Saturday, March 5, 2011

A Twitter Firing!

A deputy attorney general in Indiana, Jeffrey Cox, with a Twitter account, like many attorneys do these days (including me), decided to post a Tweet regarding the labor protests in Madison, Wisconsin and offered this advice to the pro-laborers: “Use live ammunition.” It got him fired.

The ABA Journal who ran with the story has more details surrounding the termination and describes Cox's less-than-good discretionary posts on other internet postings:
The Indiana Attorney General’s office explained its decision in a statement. “We respect individuals' First Amendment right to express their personal views on private online forums, but as public servants we are held by the public to a higher standard, and we should strive for civility," the AG's office said.

According to Mother Jones, Cox said the protesters were "political enemies" and "thugs" who were physically threatening lawmakers, and he called the publication’s reporter a “typical leftist.”

"You're damned right I advocate deadly force,” Cox reportedly wrote.

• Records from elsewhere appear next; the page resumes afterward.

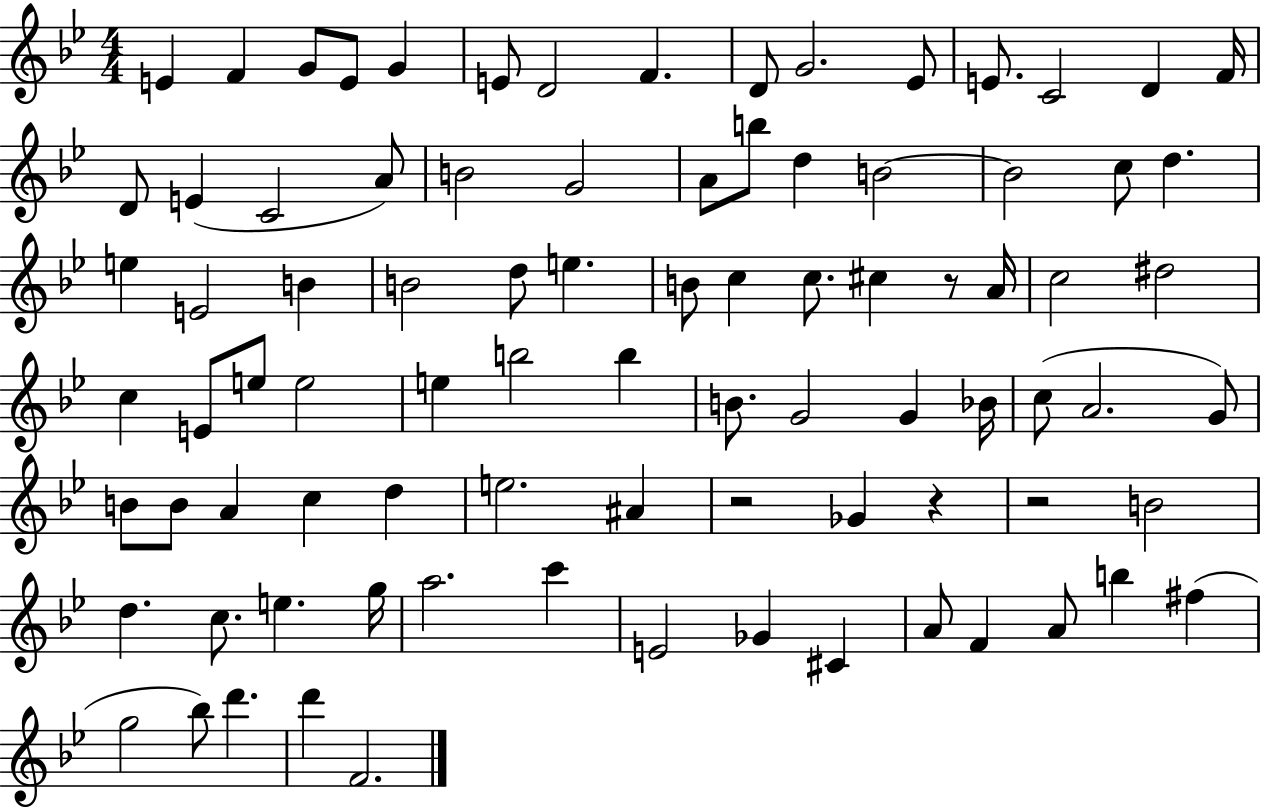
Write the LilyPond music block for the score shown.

{
  \clef treble
  \numericTimeSignature
  \time 4/4
  \key bes \major
  \repeat volta 2 { e'4 f'4 g'8 e'8 g'4 | e'8 d'2 f'4. | d'8 g'2. ees'8 | e'8. c'2 d'4 f'16 | \break d'8 e'4( c'2 a'8) | b'2 g'2 | a'8 b''8 d''4 b'2~~ | b'2 c''8 d''4. | \break e''4 e'2 b'4 | b'2 d''8 e''4. | b'8 c''4 c''8. cis''4 r8 a'16 | c''2 dis''2 | \break c''4 e'8 e''8 e''2 | e''4 b''2 b''4 | b'8. g'2 g'4 bes'16 | c''8( a'2. g'8) | \break b'8 b'8 a'4 c''4 d''4 | e''2. ais'4 | r2 ges'4 r4 | r2 b'2 | \break d''4. c''8. e''4. g''16 | a''2. c'''4 | e'2 ges'4 cis'4 | a'8 f'4 a'8 b''4 fis''4( | \break g''2 bes''8) d'''4. | d'''4 f'2. | } \bar "|."
}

Cox often expressed acerbic opinions on Twitter and his blog Pro Cynic, Mother Jones says. He called President Obama “incompetent and treasonous” and said a black teen was a “thug who was (deservedly) beaten up” by local police as he tried to prevent the arrest of his “equally thuggish” brother. The blog has since been taken down, but Mother Jones has published screen shots, and some stories still appear on cached pages.
There is some commentary from famed First Amendment scholar Jonathan Turley who believes that given the specifics of Cox's online speech, there may be fairly strong First Amendment case to be made and comes down to the question and issue of whether a public employee like Cox has any protection for comments made as a private citizen.

1 comment:

  1. Looking at the context and content of his intemperate remarks Cox definitely was not voicing his opinions as an Indiana AG employee, but rather as a citizen. So no Garcetti v Ceballos defense. The AG may be able to prevail in a Pickering balancing test, but it would be a mighty close issue. Could well be First Amendment Speech.